Piercing the Corporate Veil in a Limited Liability Company

Corporations, limited liability companies and limited partnerships are all entities created by statute to limit the liability of owners to the amount of their investments. Although corporations have received bad press recently because of politicians and certain Supreme Court justices taking the idea that corporations are legal people too far for some, they are a vital part of the economic framework of our society.

However, one area in which these entities are clearly not people is if they are set up as shams to hide from liability.  A concept developed called “piercing the corporate veil,” by which a creditor can go after individual owners if certain standards are met.  For corporations, some states, like New York, have statutory grounds for holding certain large shareholders liable for unpaid wages, and there are circumstances in which the Federal government can look through the entity for back payroll taxes, but most of the concern has involved entities that are undercapitalized.  Until recently, though, it has not been entirely clear how one could “pierce the LLC veil.”  Single-member LLCs should take notice.

In the Advanced Custom Builders bankruptcy case from Iowa, plaintiffs had entered into a contract with defendant, a single member LLC, for construction of a home.  Defendant was operated as many single member LLCs are: no meetings, no minutes, no board or other governing body, no one other than the sole member being authorized to act on behalf of the company and no separate office other than one in the owner’s basement.  As is not uncommon (it shows up often in forensic accounting in divorce cases), Defendant commingled funds, paying owner’s personal expenses from the entity.  Defendant accepted some payments, began construction, ran out of funds and defaulted.  Plaintiff then finished up the job on their own and tried to address all the mechanics liens filed by unpaid subcontractors.  Owner filed for Chapter 7 bankruptcy and Plaintiff sought to pierce the corporate veil and have their claims exempted from the bankruptcy discharge for fraud.

The court’s analysis under Iowa law found that the LLC was indeed a sham, largely due to undercapitalization (always easy to determine in retrospect), the lack of formality typical of single person LLCs and the failure to keep personal and business finances separate.  The court spent a great deal of time on the dischargeability of the debt – the LLC was not eligible by statute, and a separate discussion around intention to deceive versus negligent operation of the business came out poorly for the business owner.

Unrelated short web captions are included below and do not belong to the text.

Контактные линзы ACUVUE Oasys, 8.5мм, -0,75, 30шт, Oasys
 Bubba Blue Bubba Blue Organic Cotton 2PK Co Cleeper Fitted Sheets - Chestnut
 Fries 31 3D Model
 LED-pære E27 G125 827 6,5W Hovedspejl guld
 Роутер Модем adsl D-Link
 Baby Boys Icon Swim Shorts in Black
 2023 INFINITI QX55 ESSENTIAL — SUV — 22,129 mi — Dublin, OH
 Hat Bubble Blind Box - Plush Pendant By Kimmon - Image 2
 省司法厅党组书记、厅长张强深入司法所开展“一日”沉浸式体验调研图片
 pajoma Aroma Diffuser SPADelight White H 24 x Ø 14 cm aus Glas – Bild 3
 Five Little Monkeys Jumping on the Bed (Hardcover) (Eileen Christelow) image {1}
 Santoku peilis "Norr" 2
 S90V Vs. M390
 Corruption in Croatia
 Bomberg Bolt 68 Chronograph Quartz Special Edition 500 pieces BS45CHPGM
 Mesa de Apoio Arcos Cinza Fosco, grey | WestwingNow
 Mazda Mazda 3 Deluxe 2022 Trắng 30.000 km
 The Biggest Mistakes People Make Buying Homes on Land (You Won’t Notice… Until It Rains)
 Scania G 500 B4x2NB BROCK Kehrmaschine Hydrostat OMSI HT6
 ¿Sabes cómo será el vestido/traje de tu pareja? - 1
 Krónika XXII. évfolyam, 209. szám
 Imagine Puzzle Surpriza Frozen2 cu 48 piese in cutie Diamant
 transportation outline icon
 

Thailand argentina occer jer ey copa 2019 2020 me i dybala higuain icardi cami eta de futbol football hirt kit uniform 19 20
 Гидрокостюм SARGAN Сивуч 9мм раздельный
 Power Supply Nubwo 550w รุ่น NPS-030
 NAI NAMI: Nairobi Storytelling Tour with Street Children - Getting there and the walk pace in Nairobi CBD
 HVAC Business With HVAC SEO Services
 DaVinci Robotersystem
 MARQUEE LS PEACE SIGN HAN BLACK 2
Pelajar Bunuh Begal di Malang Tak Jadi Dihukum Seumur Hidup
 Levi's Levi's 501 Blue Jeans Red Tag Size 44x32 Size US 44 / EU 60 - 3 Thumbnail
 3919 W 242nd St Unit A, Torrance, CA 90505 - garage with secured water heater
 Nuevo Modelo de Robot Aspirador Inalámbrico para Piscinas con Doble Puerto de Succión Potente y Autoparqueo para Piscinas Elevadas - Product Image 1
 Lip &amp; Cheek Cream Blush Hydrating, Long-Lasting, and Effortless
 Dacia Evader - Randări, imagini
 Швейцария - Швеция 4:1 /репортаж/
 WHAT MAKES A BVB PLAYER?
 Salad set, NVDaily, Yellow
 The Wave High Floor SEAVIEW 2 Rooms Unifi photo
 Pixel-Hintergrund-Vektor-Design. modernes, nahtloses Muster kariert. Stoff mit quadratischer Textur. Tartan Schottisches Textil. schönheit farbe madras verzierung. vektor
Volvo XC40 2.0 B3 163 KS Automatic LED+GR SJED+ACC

The moral of the story is that single member LLCs need to be careful.  They should have separate bank accounts and separate accounting from their owners.  They should be sure to pay any payroll taxes. As with corporations, they need to be adequately capitalized, and they should keep a minute book documenting major decisions.  Sole owners should even consider whether they could benefit from an even more formal structure like a board of directors, even if the owner and his or her spouse are the main participants.